• Exercise instructions: In the listing that follows, print every line exactly and leave the images out.

• Extracted records:
[Start of Attachment]

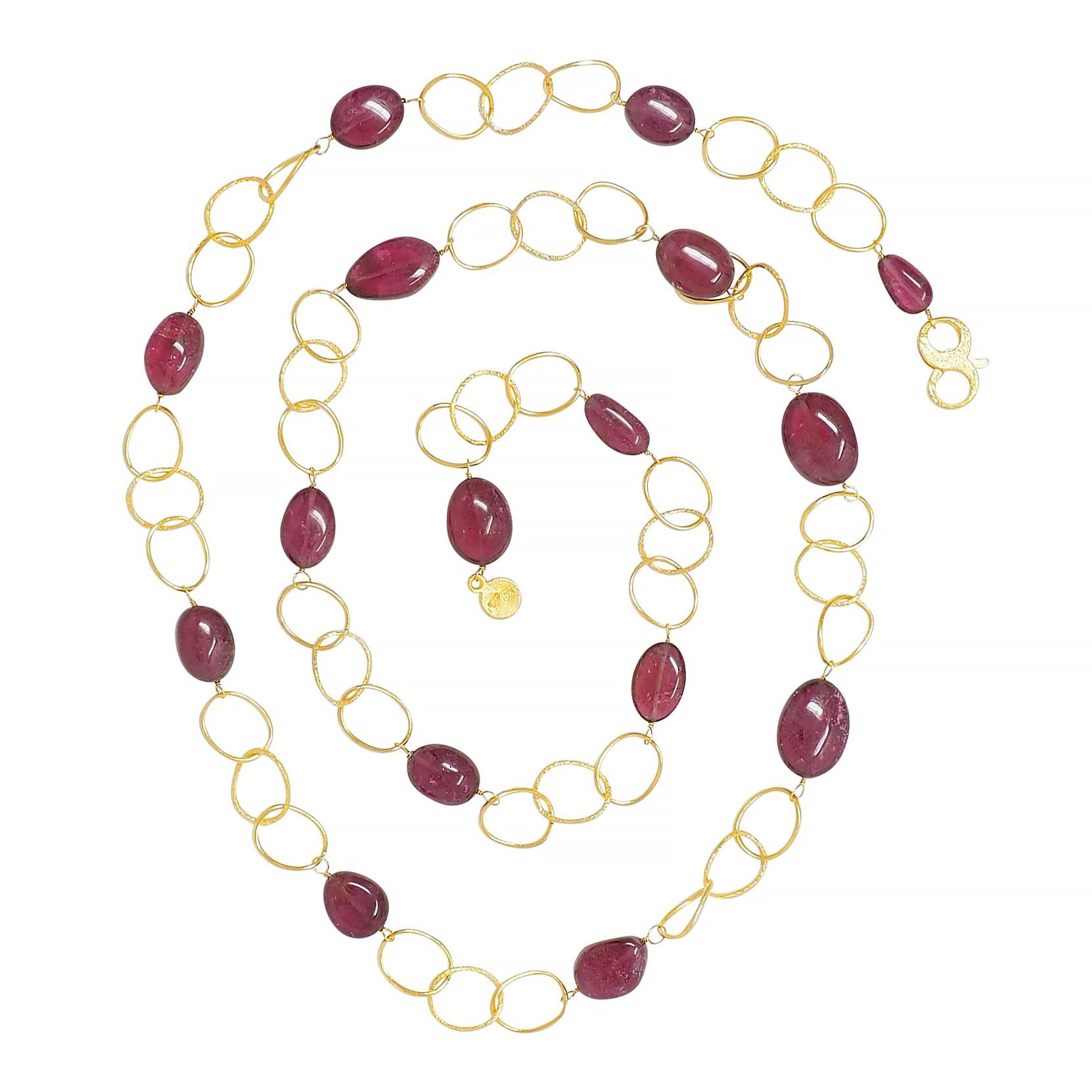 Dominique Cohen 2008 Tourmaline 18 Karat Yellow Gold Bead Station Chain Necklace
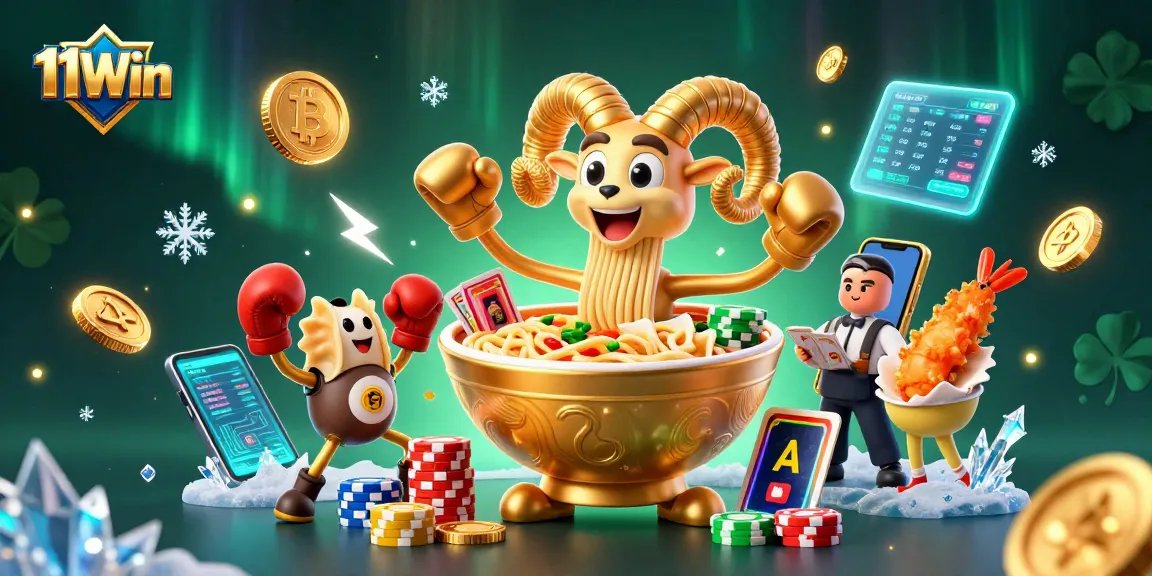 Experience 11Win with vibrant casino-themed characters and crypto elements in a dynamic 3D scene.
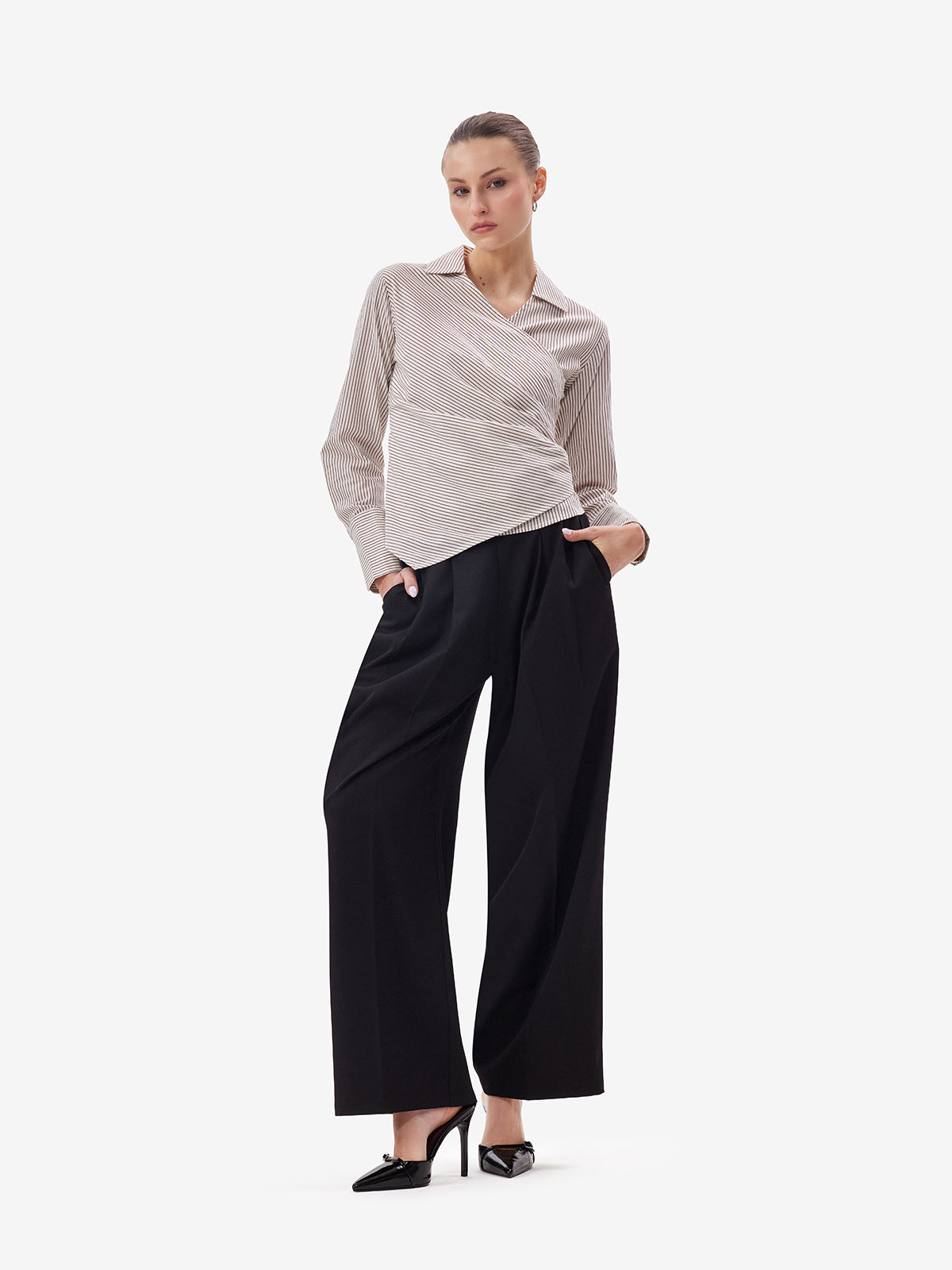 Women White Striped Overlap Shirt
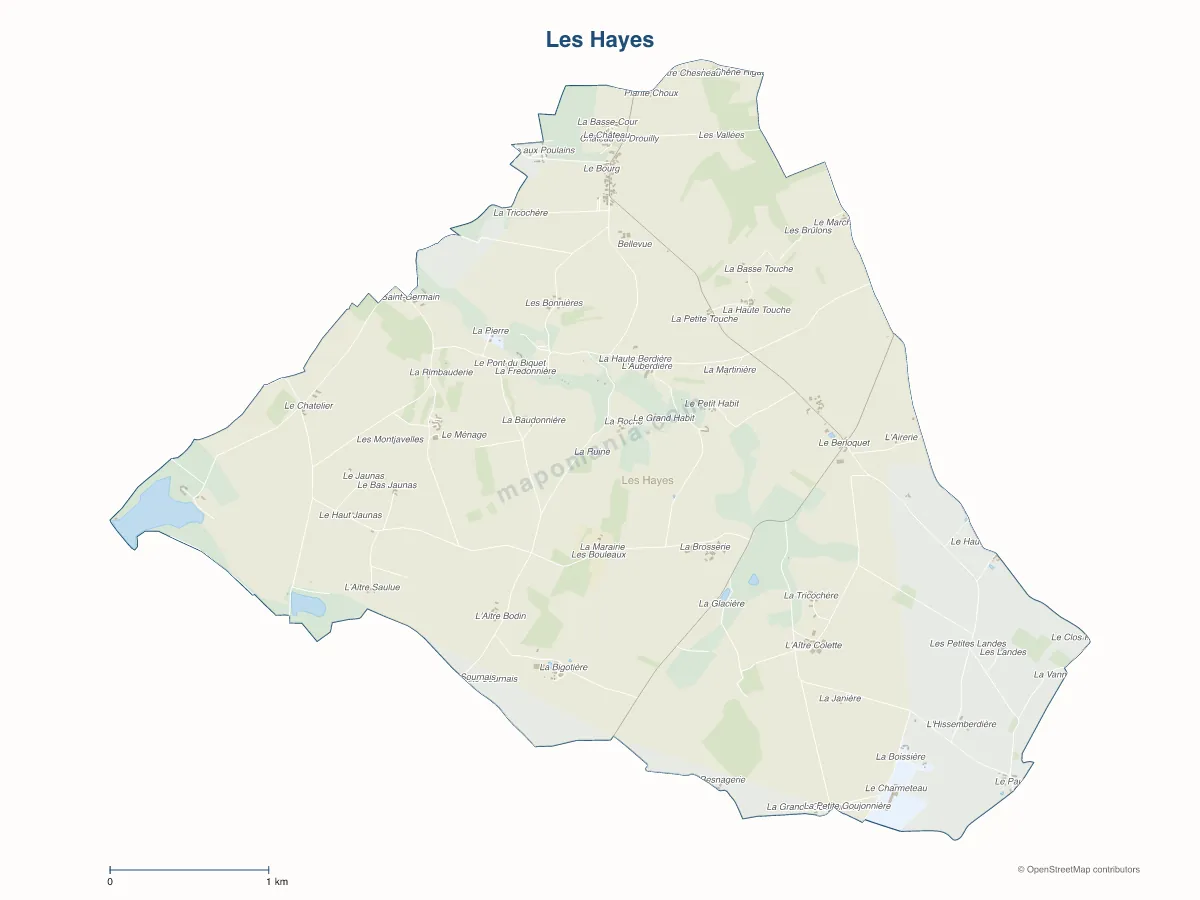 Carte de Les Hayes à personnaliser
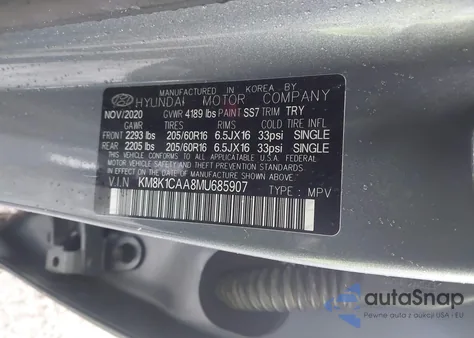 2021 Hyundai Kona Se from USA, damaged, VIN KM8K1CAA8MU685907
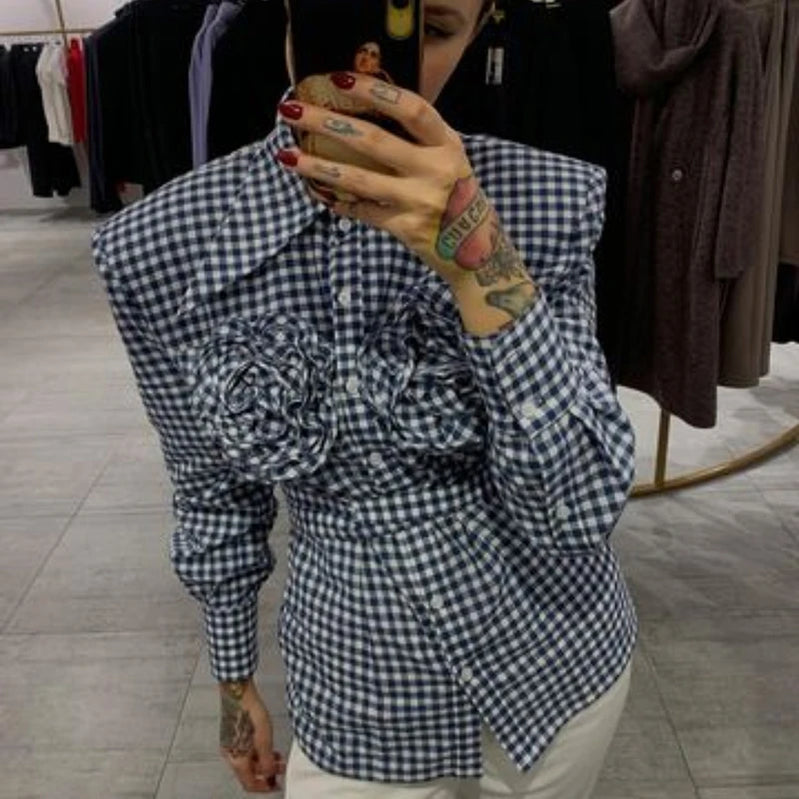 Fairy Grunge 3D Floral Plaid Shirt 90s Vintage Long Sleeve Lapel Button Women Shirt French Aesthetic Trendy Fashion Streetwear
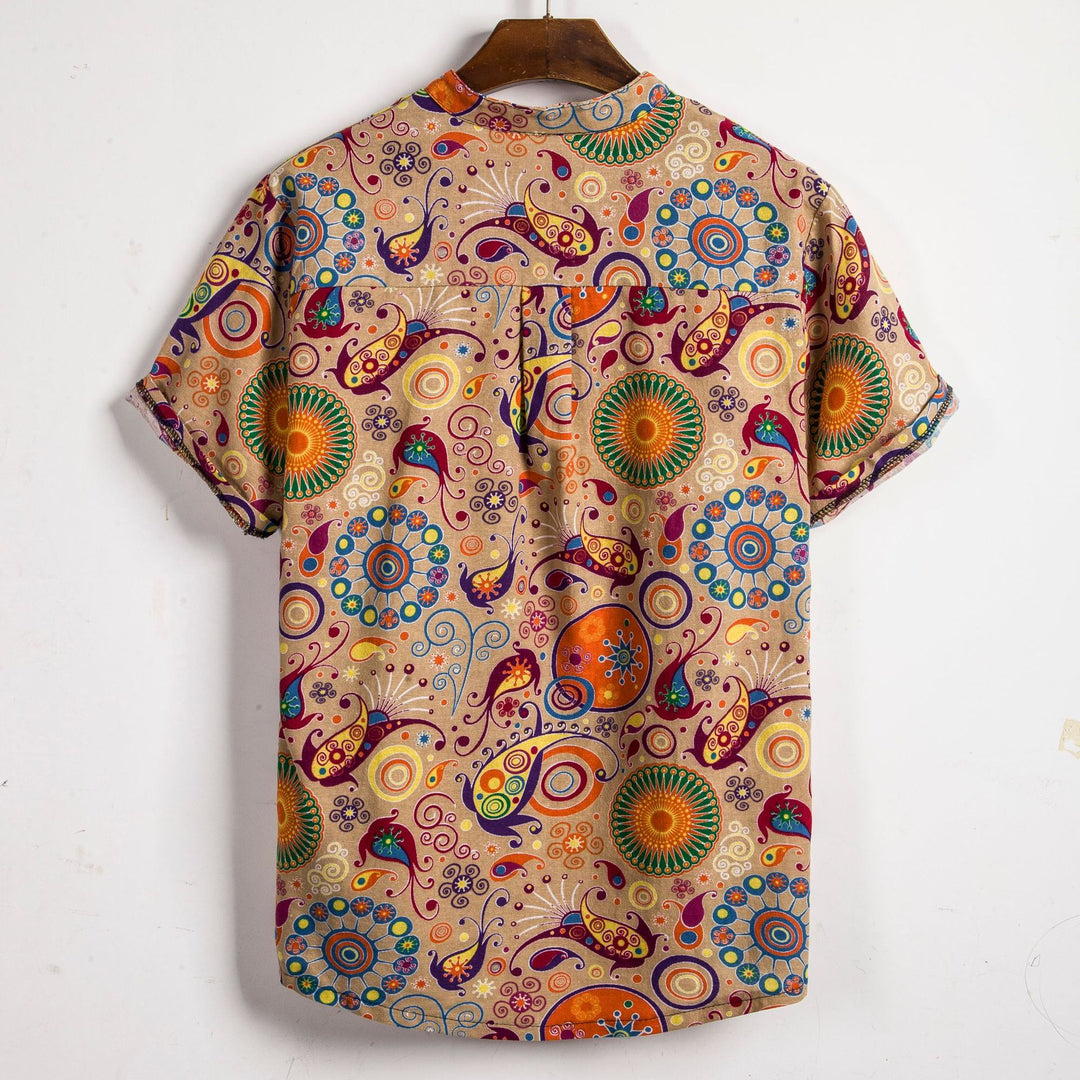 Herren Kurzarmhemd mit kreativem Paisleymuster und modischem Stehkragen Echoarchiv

[End of Attachment]

• Your solution:
 Dominique Cohen 2008 Tourmaline 18 Karat Yellow Gold Bead Station Chain Necklace
 Experience 11Win with vibrant casino-themed characters and crypto elements in a dynamic 3D scene.
 Women White Striped Overlap Shirt
 Carte de Les Hayes à personnaliser
 2021 Hyundai Kona Se from USA, damaged, VIN KM8K1CAA8MU685907
 Fairy Grunge 3D Floral Plaid Shirt 90s Vintage Long Sleeve Lapel Button Women Shirt French Aesthetic Trendy Fashion Streetwear
 Herren Kurzarmhemd mit kreativem Paisleymuster und modischem Stehkragen Echoarchiv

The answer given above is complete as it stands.